That’s a lot of zeroes, but you do the math—Apple reportedly sold 75 million iPhones last quarter. That’s one feat CEO Tim Cook can be proud of.

#2. Apple is peerless, with virtually no industry competition. If we look at other big tech names, say, Google, Microsoft, or Facebook, these companies are innovation leaders in their own right, but they have no competing core businesses with each other. In fact, if you look closely, their products and services are actually interconnected with one another, which means that one company’s sales can be related to the other company’s profit.

For Apple, what still sets them apart is their brand. They don’t play by any other company’s rules. For a lot of today’s standards, they made the rules.

Image Source: fortunedotcom

In Other News

In other news, another Fortune 500 Company reached a new milestone in terms of market capitalization. Earlier this month, e-commerce giant Amazon climbed past Exxon Mobil to become the 4th largest company in the country, breaching the $362 billion mark. During the day’s session, Exxon Mobil lost 2% giving Amazon a leg up. Exxon Mobil had a market cap of $361.6 billion.

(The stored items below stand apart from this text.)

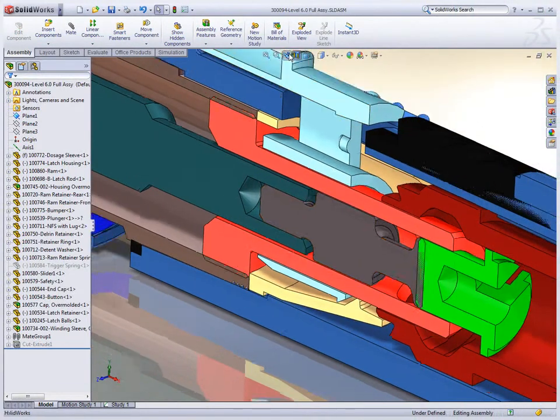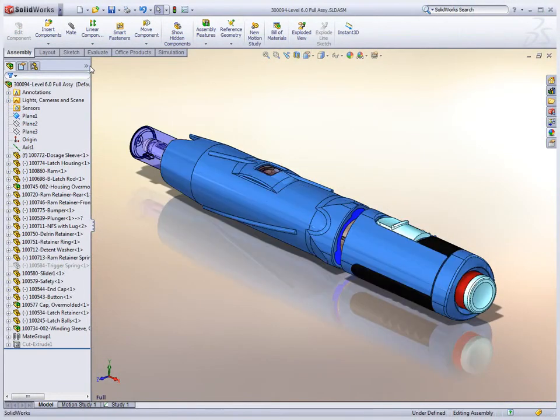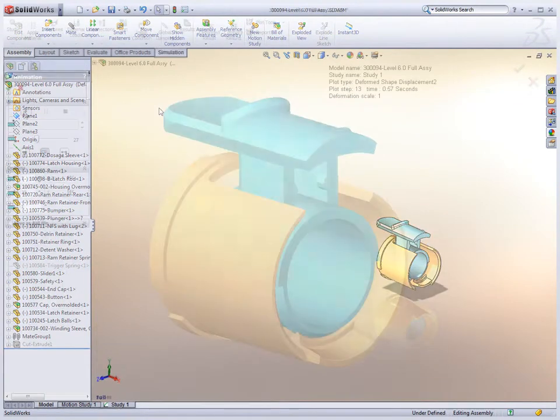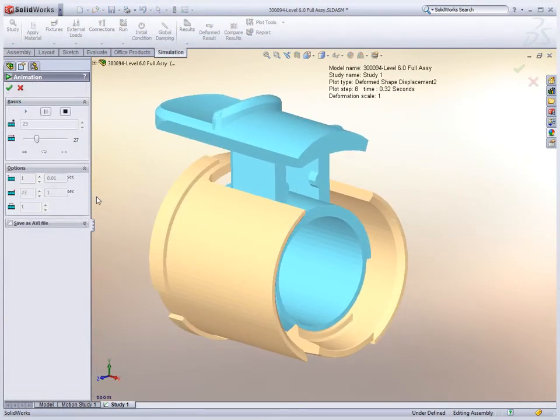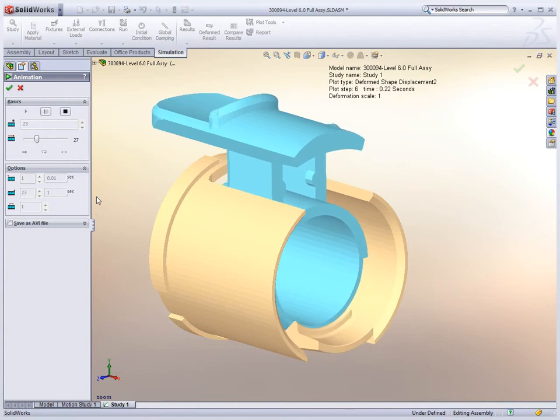Simulating real-life product testing in SOLIDWORKS dramatically reduces the number of physical prototypes needed. How parts move and interact, or how strong they need to be, are all factors that affect design decisions.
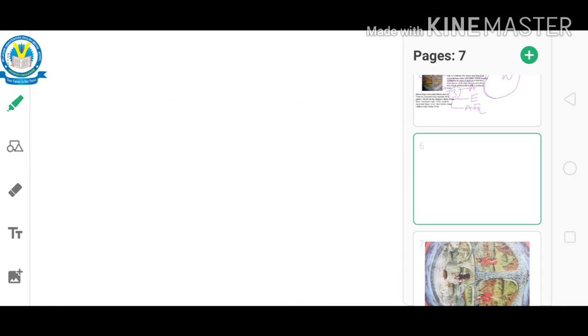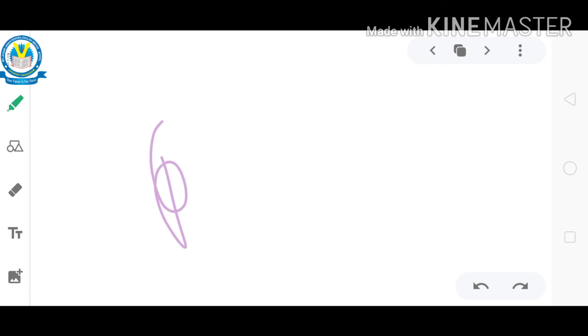In our next class we will discuss the remaining maps and also the projection of maps.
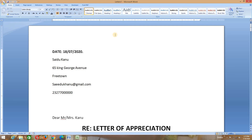Thank you for watching. I hope you liked it. Don't forget to subscribe, drop your comments in the comment box, and do give a thumbs up.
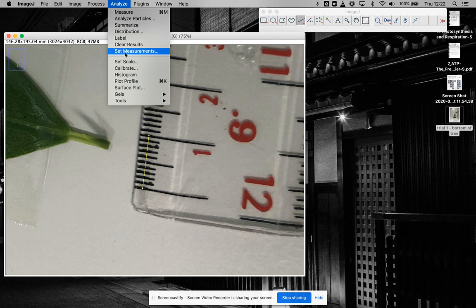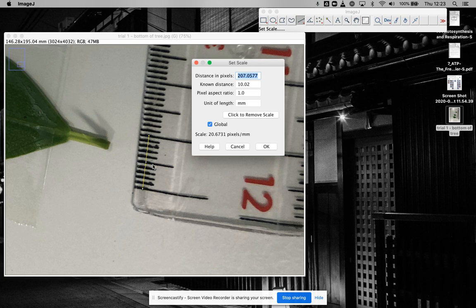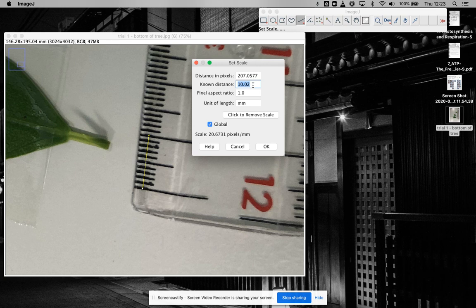I think I'll use centimeters. What I want to do then is go to Analyze and set scale. As long as I've drawn that line, it says right here that that line is 207.0577 pixels. And I know that distance to be one centimeter.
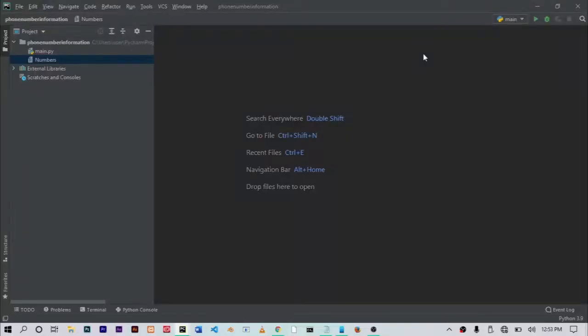So the first thing you need is a code editor or an IDE. In my case, I'll be using the PyCharm IDE. You could use whatever you want, like Visual Studio Code or Sublime Text, whatever you want to use.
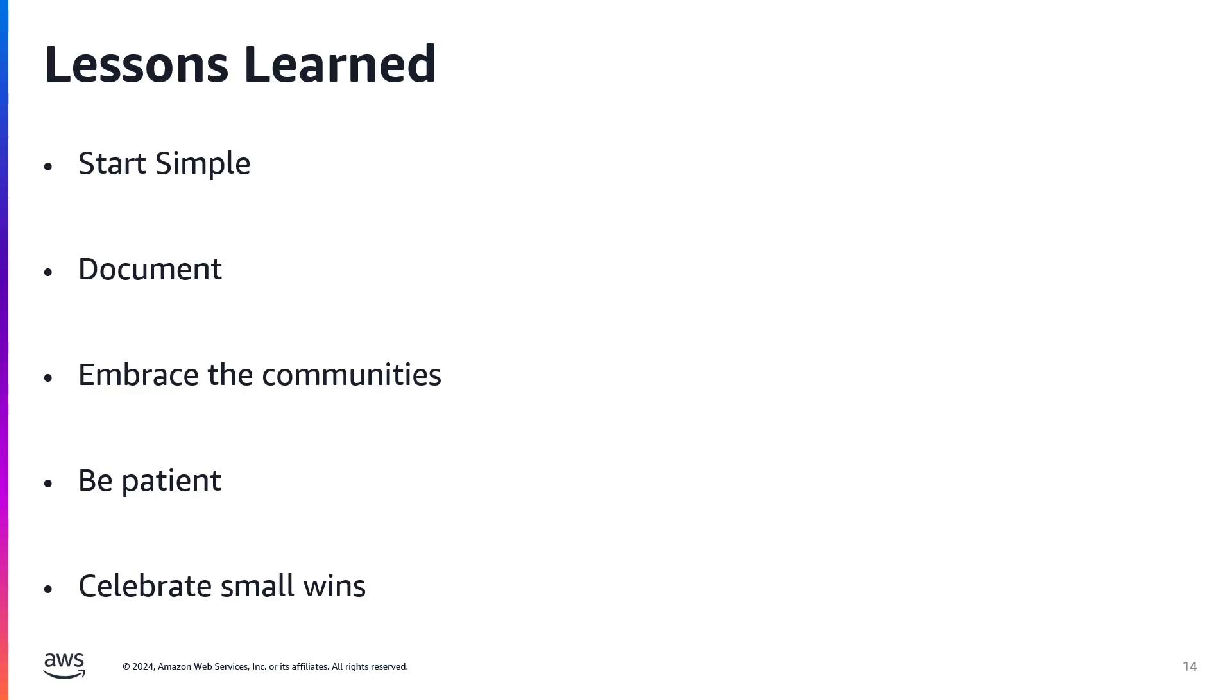Document everything. I can't stress this enough. Document your work, take photos of your wiring, save versions of your code, and keep notes on what you've tried. There were times when I thought, I'll remember this. And guess what? I didn't. Good documentation is a lifesaver when troubleshooting.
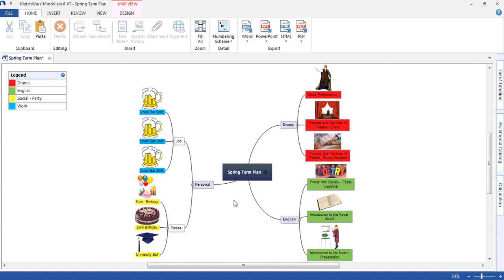They've split up events using colour coding — academic and personal. Red and green represent academic events, while blue and yellow represent personal events. The student has then created a legend to reflect this colour coding.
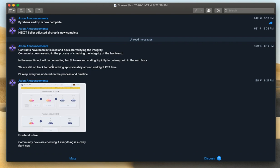In the meantime, I will be converting Hex3T to Axion and adding liquidity to Uniswap within the next hour. So Uniswap will be up with the pair.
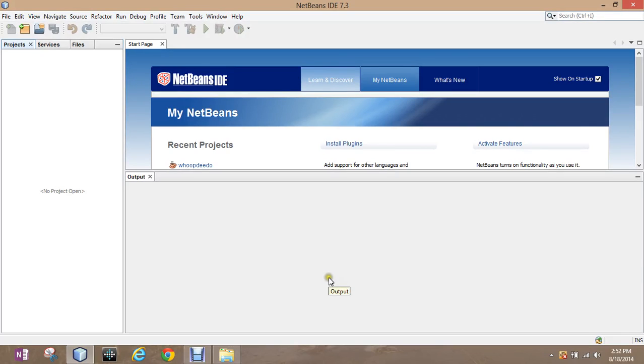The program we're going to use for AP programming this year is called NetBeans. NetBeans is a program that you can download for free. It may take a little bit.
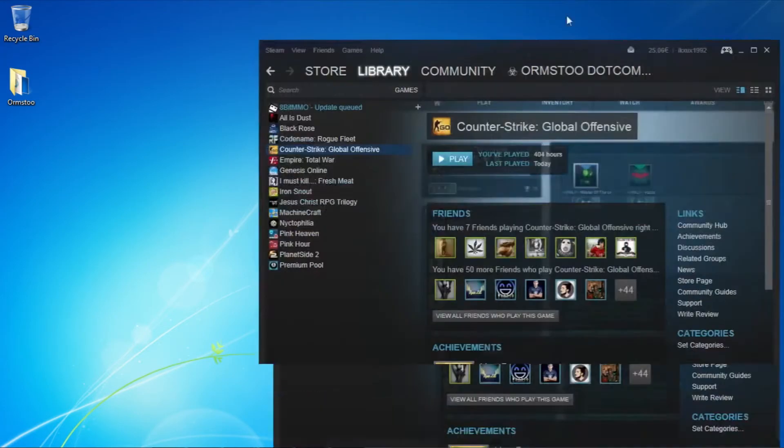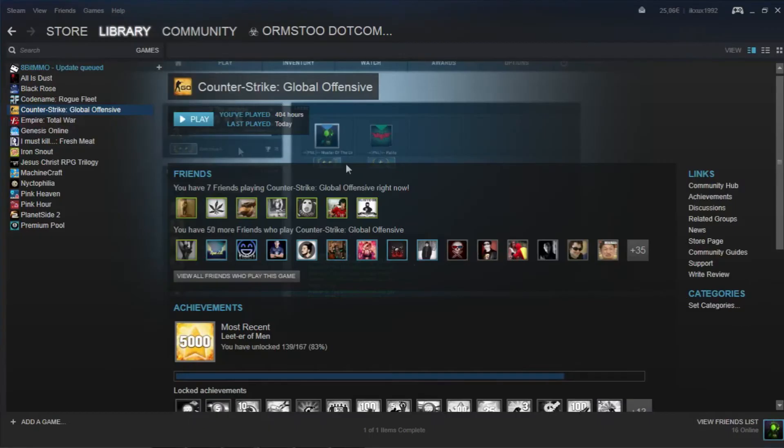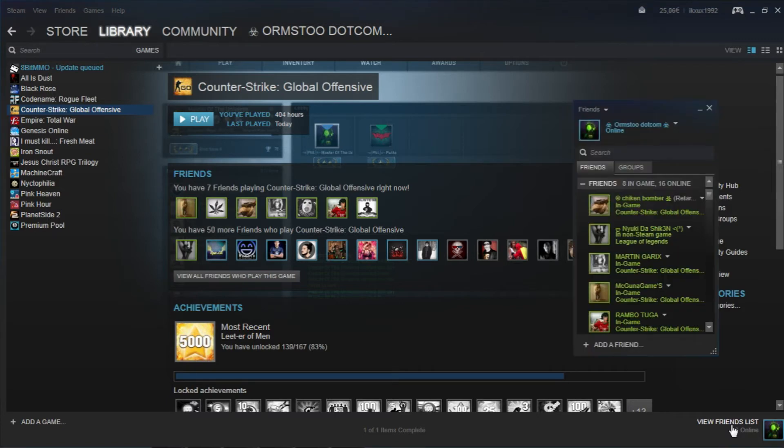So first you'll want to go ahead and open Steam, and once you're in Steam, come down here to the bottom right hand corner and click on view friends list.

Amazon is reportedly busy in preparations to release a new music service, one that will rival Spotify, Pandora, and Jay-Z’s Tidal. Of the three streaming services, Pandora is the closest competition in terms of subscription fees. Rumor has it that Amazon’s subscription fee will only cost about half of the average, which is around $10. Pandora’s streaming free is at $5, and Amazon is looking to grab some of its market share with a streaming service called Echo.